In an Australian industry first reflecting the evolving flexible and coworking office leasing sector, specialist leasing agency Cadigal has formed a joint venture partnership with leading flexible workspace marketplace, Rubberdesk.
The joint venture brings an innovative approach to serving the growing flexible and coworking office market across Australia. Cadigal will provide professional real estate expertise and access to industry relationships with Rubberdesk delivering advanced marketplace technology and an experienced customer care team.
Cadigal has also invested in the Rubberdesk business acquiring a stake in the proptech company and cementing its commitment to technology in the rapidly growing flexible and coworking space market.
“Our national partnership with Rubberdesk enables Cadigal to remain focussed on direct leasing activities, while supporting Rubberdesk’s growth in the flexible space marketplace. We will benefit from the learnings and insights derived from the flexible space market. This brings us closer to growing businesses that will seek to directly lease space in the future,” Mr Mark Tindale, Director of Cadigal said.
A confirmed market disruptor, flexible space and coworking has gained traction as a legitimate sub-sector of the market. Currently representing around three per cent of commercial office stock nationally, this is set to increase towards seven per cent judging by the experience in the London and New York markets.
“The major coworking operators have delivered on pent-up demand for flexible office space. Led by WeWork and a cohort of other providers, they have successfully introduced a new look and feel for next generation office space with shared services and a sense of community. Customer service has also been elevated to a new level, with concierge staff and regular event programming” Mr Tindale said.
Rubberdesk’s Australian flexible workspace market currently has an estimated 106,000 square metres of available office space, representing 4.8 per cent of the nation’s total vacant office space.
On a significant growth trajectory, Rubberdesk tripled its listings last year with bookings growing by 650 per cent during the same period. It currently has some 2,500 listings Australia-wide and exclusively powers Commercialrealestate.com.au’s coworking platform.
Flexible space customers typically want space quickly and seek ‘plug and play’ solutions in ready fitted, furnished and cabled environments. They value convenience, speed and flexibility of tenure with terms ranging from 3 to 12 months. Flexible space helps them mitigate risk and they are willing to pay a rental premium for this.
“Rubberdesk is really the Airbnb of flexible office space, providing a full service online platform for organisations to list spare space and for businesses to find it. Our success has been driven by a combination of tightly-held office markets and a groundswell of businesses seeking quality premises on flexible terms. Rubberdesk is the only flex space platform to manage payments and licence agreements where needed, making the whole process easy,” said Mr Jim Groves, co-founder and CEO of Rubberdesk.
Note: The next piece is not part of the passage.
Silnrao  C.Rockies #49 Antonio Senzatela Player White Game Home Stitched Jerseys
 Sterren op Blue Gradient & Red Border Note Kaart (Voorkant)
According to Jim Groves, Rubberdesk‘s clients include private businesses with surplus office space as well as major global and domestic coworking operators such as WeWork, Hub Australia and Workspace 365.
Rubberdesk’s customers include major corporates looking for off-site locations for special projects, growing businesses looking for flexibility, and freelancers looking to connect into a workplace community.
Three quarters of Rubberdesk bookings are for private offices where the average occupancy is for six people. Rates vary based on location and provider, with the national average $741 per person per month and Sydney CBD rates at around $941 per person per month.
While coworking operators have been the driving force of the flexible space market in its formative years, Rubberdesk believe the real opportunity to unlock lies in monetising surplus desk space within private businesses.
“Rubberdesk was initially built for this purpose, to help businesses generate income from surplus office space. However, the spaces available are now split equally between coworking operators and traditional businesses with unused office space.”
“We’re only scratching the surface of the total available market amongst traditional businesses with unused space that can be rented out on flexible terms,” said Mr Groves.